Automatic Recognition of Dates, Email Addresses, and Credit
Card Numbers
dtSearch 7.40 includes an option to automatically recognize
dates, email addresses, and credit card numbers in text during
indexing.
Dates
Date recognition looks for anything that appears to be a
date, using English-language months (including common
abbreviations) and numerical formats. Examples of date
formats that are recognized include:
January 15, 2006
15 Jan 06
2006/01/15
1/15/06
1-15-06
The fifteenth of January, two thousand six
To search for a date, put "date()" around the date
expression or range. For example, to find any of the
expressions above near the word "apple", search for:
date(jan 15 2006) w/10 apple
To search for a range of dates near the word "apple", search
for:
date(jan 10 2006 to jan 20 2006) w/10 apple
A field search for a date expression would be expressed like
a field search for a word:
DateField contains date(jan 10 2006 to jan 20 2006)

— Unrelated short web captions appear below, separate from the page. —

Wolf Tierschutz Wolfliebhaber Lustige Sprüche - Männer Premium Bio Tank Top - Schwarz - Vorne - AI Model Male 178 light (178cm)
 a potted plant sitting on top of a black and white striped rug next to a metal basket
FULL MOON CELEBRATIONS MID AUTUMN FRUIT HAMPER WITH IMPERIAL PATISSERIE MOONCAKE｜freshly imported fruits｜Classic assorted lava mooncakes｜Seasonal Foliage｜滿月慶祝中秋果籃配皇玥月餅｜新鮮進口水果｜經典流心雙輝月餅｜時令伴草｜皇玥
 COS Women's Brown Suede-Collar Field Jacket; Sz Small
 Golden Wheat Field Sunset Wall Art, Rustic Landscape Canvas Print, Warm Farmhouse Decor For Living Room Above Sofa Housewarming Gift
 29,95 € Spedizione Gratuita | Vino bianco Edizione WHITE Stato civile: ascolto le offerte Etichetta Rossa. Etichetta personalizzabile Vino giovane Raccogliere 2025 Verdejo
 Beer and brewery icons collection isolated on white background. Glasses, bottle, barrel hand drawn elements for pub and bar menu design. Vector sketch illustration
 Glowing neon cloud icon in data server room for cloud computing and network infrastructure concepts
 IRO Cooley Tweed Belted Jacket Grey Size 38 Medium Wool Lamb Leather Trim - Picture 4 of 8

Unterminated ranges are not supported, so to search for any
date after or before a particular date, enter a bounded range
with a maximal or minimal value for the bounds. The
maximum value for a year is 2900, and the minimum value is
1000. Example:
DateField contains date(jan 10 2006 to jan 1 2900)
Email Addresses
Email address recognition looks for text that follows the
syntax for a valid email address (example:
sales@dtsearch.com). This makes it possible to search for
a specific email address regardless of the alphabet settings
for the @ and . characters, as well as any other punctuation
that may be present in an email address. Also, this makes
it possible to use the word listing functions in dtSearch to
enumerate all email addresses in a document collection.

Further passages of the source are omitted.